Short text fragments from websites
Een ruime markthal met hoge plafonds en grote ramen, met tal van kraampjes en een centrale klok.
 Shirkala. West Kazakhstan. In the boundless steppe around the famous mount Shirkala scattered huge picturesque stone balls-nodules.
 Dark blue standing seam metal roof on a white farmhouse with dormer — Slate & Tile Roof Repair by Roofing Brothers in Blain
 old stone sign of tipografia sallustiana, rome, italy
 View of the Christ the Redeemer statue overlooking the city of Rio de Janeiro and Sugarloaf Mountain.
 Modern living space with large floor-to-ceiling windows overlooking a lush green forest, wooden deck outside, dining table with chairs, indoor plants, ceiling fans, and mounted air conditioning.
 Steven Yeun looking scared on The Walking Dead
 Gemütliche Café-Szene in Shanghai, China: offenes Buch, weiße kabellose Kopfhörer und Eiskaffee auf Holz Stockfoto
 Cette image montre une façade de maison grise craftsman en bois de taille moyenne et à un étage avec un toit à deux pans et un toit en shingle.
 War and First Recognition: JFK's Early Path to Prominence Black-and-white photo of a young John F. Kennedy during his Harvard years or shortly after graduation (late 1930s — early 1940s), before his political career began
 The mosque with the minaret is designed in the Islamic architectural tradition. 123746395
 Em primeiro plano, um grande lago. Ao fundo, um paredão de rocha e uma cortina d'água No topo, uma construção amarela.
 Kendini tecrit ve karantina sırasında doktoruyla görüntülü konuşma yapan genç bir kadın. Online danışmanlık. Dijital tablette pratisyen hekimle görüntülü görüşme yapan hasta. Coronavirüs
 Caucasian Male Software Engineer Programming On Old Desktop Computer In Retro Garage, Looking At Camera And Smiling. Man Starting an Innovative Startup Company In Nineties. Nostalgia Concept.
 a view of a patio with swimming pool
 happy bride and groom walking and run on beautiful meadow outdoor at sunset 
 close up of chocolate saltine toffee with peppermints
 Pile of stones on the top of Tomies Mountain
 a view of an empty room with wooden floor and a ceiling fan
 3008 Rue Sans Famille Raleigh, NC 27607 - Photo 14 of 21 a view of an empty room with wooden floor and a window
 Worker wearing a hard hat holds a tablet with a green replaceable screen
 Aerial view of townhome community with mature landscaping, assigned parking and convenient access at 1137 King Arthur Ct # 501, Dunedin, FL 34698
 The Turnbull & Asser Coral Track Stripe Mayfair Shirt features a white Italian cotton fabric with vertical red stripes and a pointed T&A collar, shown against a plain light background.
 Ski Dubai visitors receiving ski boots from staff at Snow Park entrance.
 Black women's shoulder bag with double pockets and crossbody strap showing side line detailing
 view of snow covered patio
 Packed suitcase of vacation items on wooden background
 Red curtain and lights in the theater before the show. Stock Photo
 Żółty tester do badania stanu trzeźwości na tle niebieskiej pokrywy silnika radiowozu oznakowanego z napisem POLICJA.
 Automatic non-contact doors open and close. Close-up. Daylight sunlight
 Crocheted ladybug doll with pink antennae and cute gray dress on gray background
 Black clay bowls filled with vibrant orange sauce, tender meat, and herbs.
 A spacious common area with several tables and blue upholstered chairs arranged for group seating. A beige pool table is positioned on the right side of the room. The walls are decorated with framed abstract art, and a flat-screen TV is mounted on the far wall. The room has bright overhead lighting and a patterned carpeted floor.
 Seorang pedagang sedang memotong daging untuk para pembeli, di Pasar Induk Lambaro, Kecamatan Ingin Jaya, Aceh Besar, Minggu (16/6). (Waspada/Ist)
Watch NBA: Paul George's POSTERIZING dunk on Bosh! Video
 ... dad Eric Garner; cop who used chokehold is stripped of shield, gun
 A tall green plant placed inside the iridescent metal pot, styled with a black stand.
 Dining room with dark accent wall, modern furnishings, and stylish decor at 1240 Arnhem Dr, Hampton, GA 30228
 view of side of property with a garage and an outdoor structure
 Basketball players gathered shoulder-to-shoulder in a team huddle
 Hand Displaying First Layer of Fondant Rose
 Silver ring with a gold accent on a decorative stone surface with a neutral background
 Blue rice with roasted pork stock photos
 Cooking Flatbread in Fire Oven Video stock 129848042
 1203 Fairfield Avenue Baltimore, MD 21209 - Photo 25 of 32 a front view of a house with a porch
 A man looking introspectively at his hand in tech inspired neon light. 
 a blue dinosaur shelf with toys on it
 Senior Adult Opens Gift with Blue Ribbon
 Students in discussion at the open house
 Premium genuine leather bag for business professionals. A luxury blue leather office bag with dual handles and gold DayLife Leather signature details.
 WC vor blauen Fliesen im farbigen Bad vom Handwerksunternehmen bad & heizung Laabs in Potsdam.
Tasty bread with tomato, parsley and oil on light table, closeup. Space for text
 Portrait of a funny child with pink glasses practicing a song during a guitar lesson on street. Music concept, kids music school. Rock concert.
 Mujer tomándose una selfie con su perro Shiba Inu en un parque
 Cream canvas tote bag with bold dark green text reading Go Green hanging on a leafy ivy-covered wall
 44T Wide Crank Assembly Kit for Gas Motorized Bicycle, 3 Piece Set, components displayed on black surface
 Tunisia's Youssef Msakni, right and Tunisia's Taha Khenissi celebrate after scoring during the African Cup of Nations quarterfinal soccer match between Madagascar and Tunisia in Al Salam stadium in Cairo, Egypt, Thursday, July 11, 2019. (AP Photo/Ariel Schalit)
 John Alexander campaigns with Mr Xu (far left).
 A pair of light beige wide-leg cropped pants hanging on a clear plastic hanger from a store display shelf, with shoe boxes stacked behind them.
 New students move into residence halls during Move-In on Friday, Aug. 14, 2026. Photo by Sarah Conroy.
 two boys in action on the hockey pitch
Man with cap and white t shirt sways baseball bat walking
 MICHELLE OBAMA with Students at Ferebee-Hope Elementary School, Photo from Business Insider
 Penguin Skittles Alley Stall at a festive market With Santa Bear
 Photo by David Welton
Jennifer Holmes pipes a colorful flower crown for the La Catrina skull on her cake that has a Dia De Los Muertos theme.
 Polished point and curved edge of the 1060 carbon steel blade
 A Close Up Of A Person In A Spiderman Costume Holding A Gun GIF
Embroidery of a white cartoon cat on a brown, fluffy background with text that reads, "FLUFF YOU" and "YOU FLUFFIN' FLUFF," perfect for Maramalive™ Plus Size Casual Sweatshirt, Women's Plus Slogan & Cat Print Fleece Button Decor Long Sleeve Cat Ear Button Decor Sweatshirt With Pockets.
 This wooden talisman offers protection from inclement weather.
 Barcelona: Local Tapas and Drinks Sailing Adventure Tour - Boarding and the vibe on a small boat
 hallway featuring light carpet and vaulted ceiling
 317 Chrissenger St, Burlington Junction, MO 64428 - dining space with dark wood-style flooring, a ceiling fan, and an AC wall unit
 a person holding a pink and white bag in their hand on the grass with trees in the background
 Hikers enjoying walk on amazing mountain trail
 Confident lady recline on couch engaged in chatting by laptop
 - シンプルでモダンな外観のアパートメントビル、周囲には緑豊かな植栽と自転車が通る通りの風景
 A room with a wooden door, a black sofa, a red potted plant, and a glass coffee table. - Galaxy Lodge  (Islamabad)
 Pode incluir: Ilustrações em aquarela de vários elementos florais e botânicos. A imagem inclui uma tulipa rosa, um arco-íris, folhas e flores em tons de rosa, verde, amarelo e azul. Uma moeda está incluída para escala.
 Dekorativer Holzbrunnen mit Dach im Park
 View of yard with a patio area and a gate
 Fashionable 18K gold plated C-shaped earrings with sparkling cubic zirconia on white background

◆ **EXERCISE**
Restate exactly the records above from their first line through the line that holds "View of the", please, including both and leaving out all others.

◆ **RESPONSE TO THIS EXERCISE**
Een ruime markthal met hoge plafonds en grote ramen, met tal van kraampjes en een centrale klok.
 Shirkala. West Kazakhstan. In the boundless steppe around the famous mount Shirkala scattered huge picturesque stone balls-nodules.
 Dark blue standing seam metal roof on a white farmhouse with dormer — Slate & Tile Roof Repair by Roofing Brothers in Blain
 old stone sign of tipografia sallustiana, rome, italy
 View of the Christ the Redeemer statue overlooking the city of Rio de Janeiro and Sugarloaf Mountain.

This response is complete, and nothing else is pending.